The only reason I am still within my daily allowance of calories today is because I have all those exercise calories earned this morning. Otherwise I would be over by about 250. I have eaten all real, healthy food (except for one square of chocolate, my indulgence of choice) but I have had large serves of high-calorie items like nuts and cheese and spaghetti bolognaise for dinner. My bowl of pasta was huge. I had a salad as well, which I had after the pasta and forced myself to eat, and I am feeling quite overfull.
Even if I am eating good food (I consider things like pasta and cheese good food even if they are high in calories/fat/carbohydrate) I still need to consider portion sizes and only eating when I am actually hungry. Something to work on.

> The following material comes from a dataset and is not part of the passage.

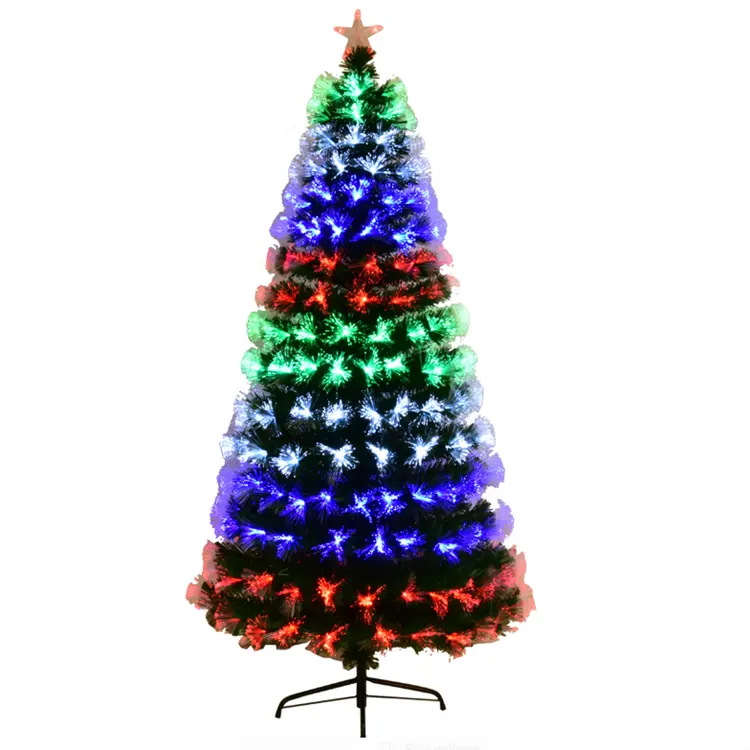 Soporte de lote mixto Árbol de Navidad artificial Luces LED multicolores Árbol de Navidad de fibra óptica preiluminado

But; today I have done my exercise, tracked all my food, drunk 6 glasses of water (and will have more before bed), stayed within my total calories, and eaten 2 fruit and 2 dairy. And I won't eat after 9 pm. My only vegetables were at dinner - a salad plus the tomato, onion and mushroom in the pasta sauce. Probably 3 serves total, I need to incorporate vegetables into my lunch. A pretty good day though. I think I am actually starting to feel proud of myself. 3 days is great.

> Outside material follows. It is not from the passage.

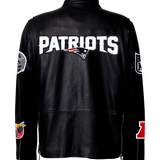 New England Black Leather Zip-Up Puffer Jacket Black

I also feel a little less sleepy-tired today. I think I slept better last night. I did wake up several times from about 3.30 am onwards, checking the time, but I will learn to trust the alarm. It is hard getting up so early, but also hard needing to go to bed so early. I feel like I hardly get to see my husband (who doesn't get home until 7 and sometimes much later). And I have taped a couple of favourite TV shows but haven't had time to watch them.
Work-wise this has kind of been bad timing, in that I have a big job on hand that was supposed to be due today but will be 1 or 2 days late. It might have been late anyway, but I have been tireder than usual and haven't been able to sit up and work in the evening. I would have really loved being able to have an afternoon nap or two as well. I work freelance, so some weeks I would have been able to. But not this week. Not until I get this work done, anyway.
As a new lifestyle, I feel this is mostly do-able. I am assuming I will get used to early mornings, and I kind of hate to say this but I am already sort of enjoying the exercise. That is hard to admit, because it makes me feel like I should have been exercising more for years. But I have to put the past in the past. I will tell guilt and shame and self-loathing that they have no power over me!
I think the worst thing about this new exercise regime, in the long term, is the reduction of time with my husband. I hope that when I get more used to it I won't have to go to bed quite so early, but even so I will be going to bed at least an hour before my husband. To get 8 hours sleep I need to go to sleep at 9.45 pm, and even if I fall asleep relatively quickly (which I don't do now) I would want to be in bed at 9.30. That is so early! I am not totally sure that that is a sustainable routine. I have early exercise class on 4 days a week, later on Friday and Sunday, and I have Saturday off. I suppose I only have to go to bed early from Sunday to Wednesday nights. And I have various meetings on 3 Wednesday nights a month, I only get home about 9.30. I'm thinking that Thursday morning - the fifth straight day of exercise and after an early night - is going to be the hardest one! Thursday is another Pump class.
Well, I have made the committment to do this for 2 weeks, then I will see how well it has worked.